The Forest Lovers - Page 4/206

Labourers stayed their reaping to listen to him; but there was nothing

for them. He sang of adventure. Girls leaned at cottage doorways to

watch him down the way. There was nothing for them either, for all he

sang of love.

"She who now hath my heart

is so in every part;" etc., etc.

The words came tripping as a learnt lesson; but he had never loved a

girl, and fancied he never would. Women? Petticoats! For him there was

more than one adventure in life.

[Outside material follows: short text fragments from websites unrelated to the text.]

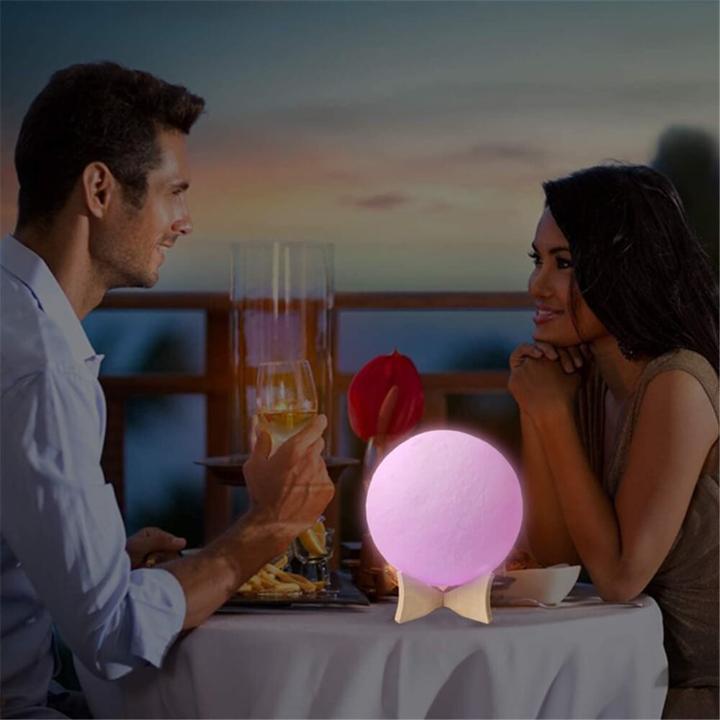 Immagine prodotto Cover-Discount Moonlamp 3D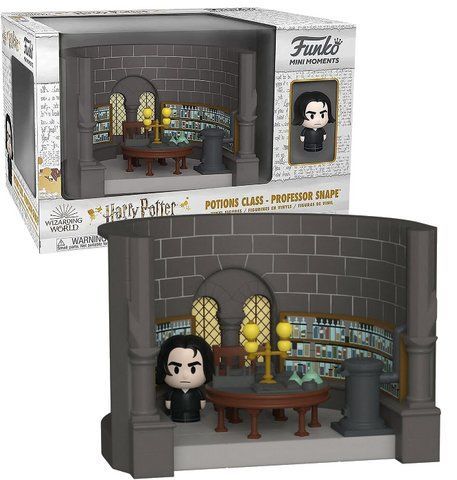 Фігурка Funko Mini Moments Гаррі Поттер Клас зіль Професор Снейп Potion Class Professor Snape 10см HP PCPSN HP PCPSN фото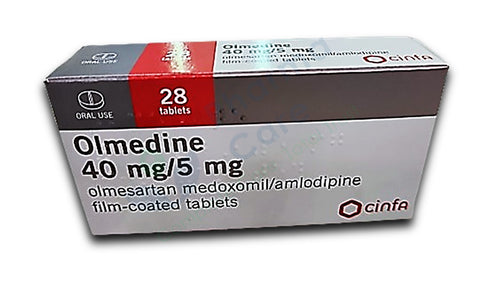 OLMEDINE 40/5MG TAB 28s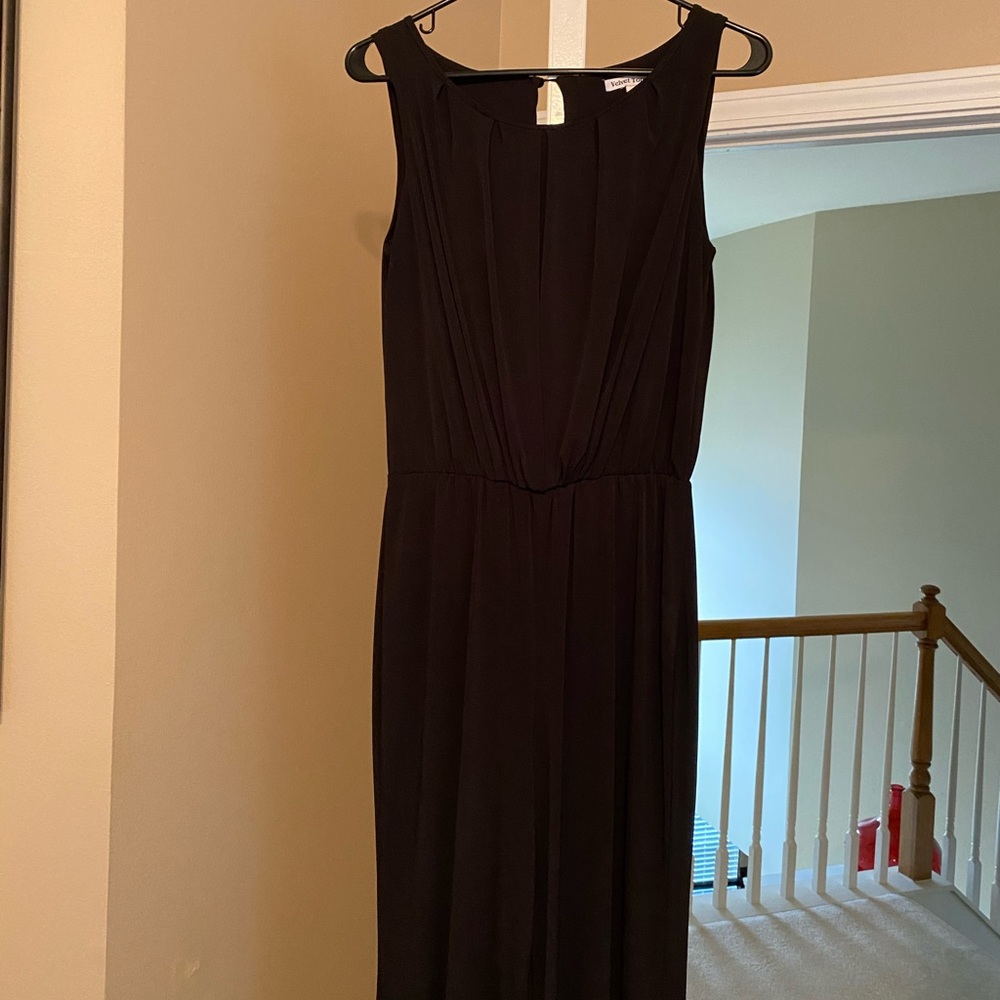 Velvet torch black jumpsuit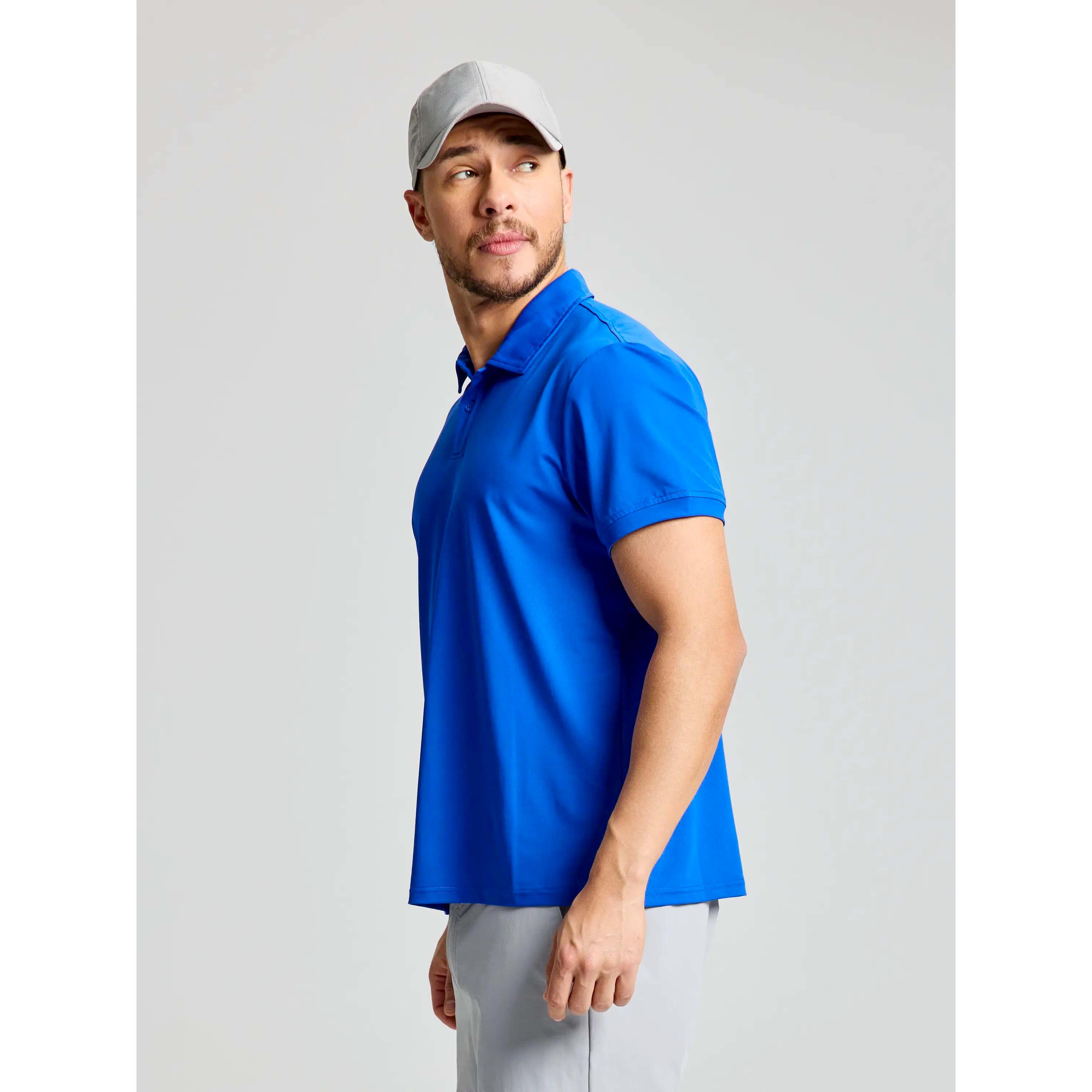 Slam Tech Pique Polo Ss Adulto 4/5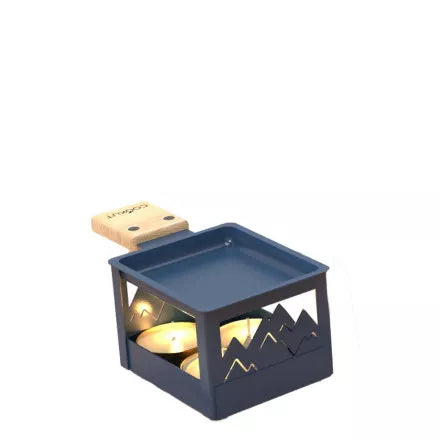 Raclette à la Bougie Yeti Bleu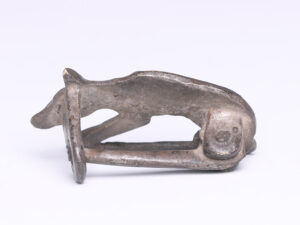 roman bronze hound brooch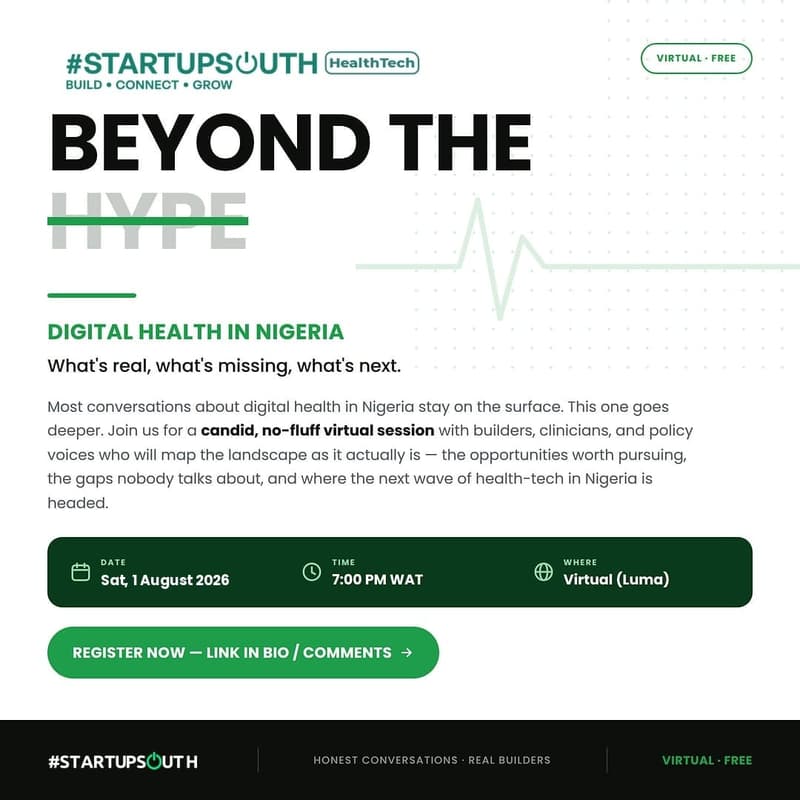 Cover Image for Beyond The Hype -Digital Health In Nigeria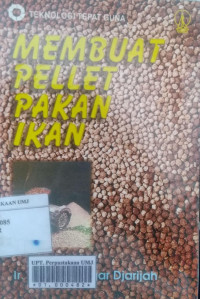 Membuat pellet pakan ikan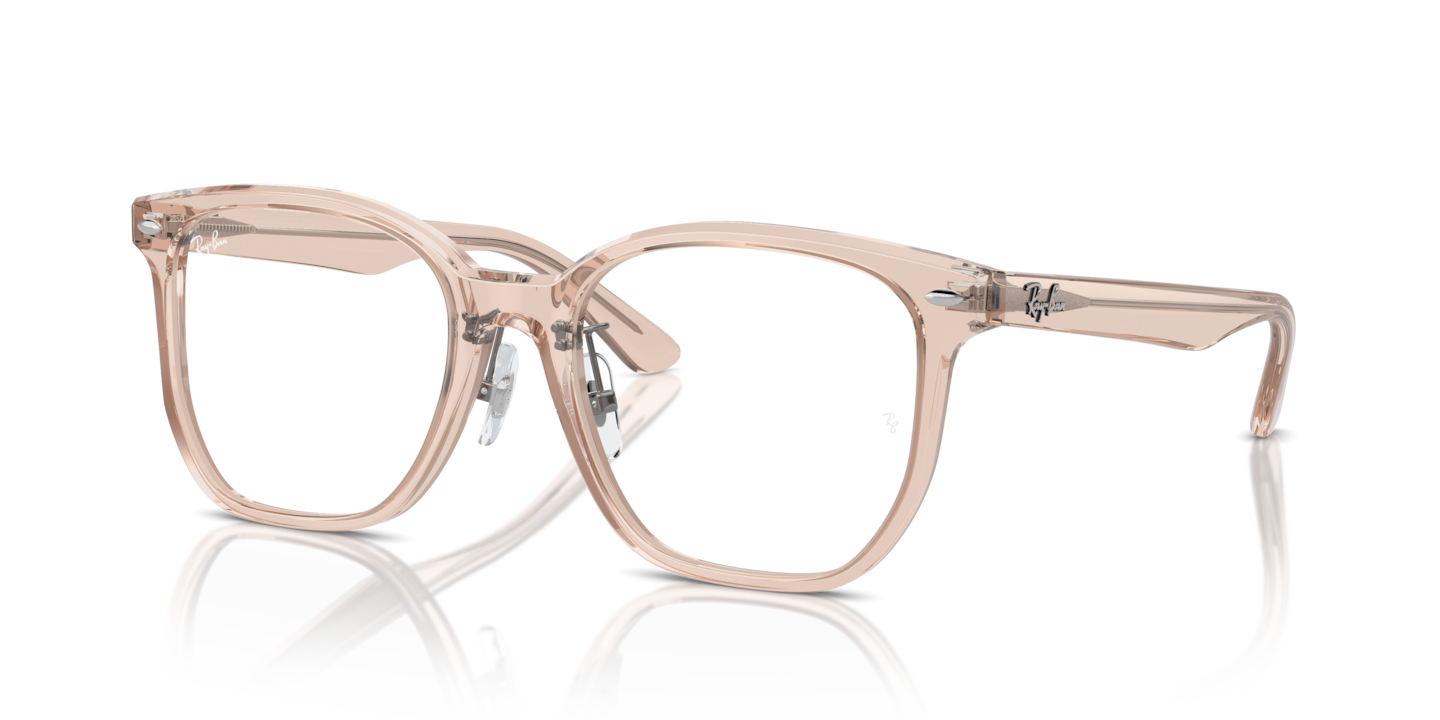 Ray-Ban RB5425D Optics Transparent Light Brown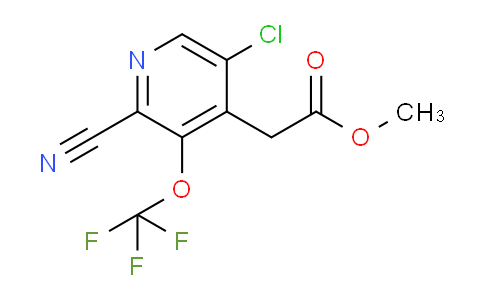 AM23007 | 1804548-60-4 | Methyl 5-chloro-2-cyano-3-(trifluoromethoxy)pyridine-4-acetate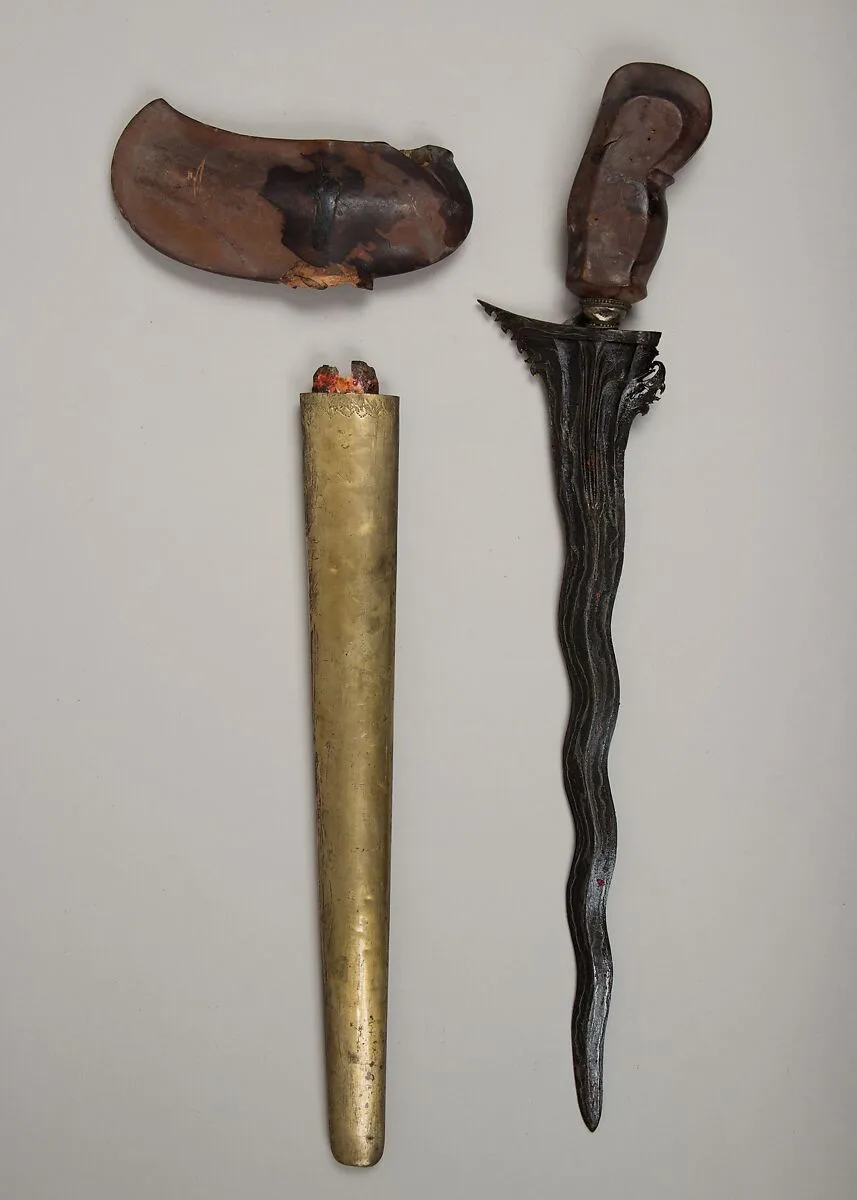 Kris with Sheath — Unknown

Rather, my lady's chamber was the

last place in which he would have looked for adventure.

On the second day of his journey--in a country barren and stony, yet

with a hint of the leafy wildernesses to come in the ridges spiked

with pines, the cropping of heather here and there, and the ever-

increasing solitude of his way--he was set upon by four foot-pads, who

thought to beat the life out of his body as easily as boys that of a

dog. He asked nothing better than that they should begin; and he asked

so civilly that they very soon did. The fancy of glorious youth

transformed them into knights-at-arms, and their ashen cudgels into

blades. The only pity was that the end came so soon.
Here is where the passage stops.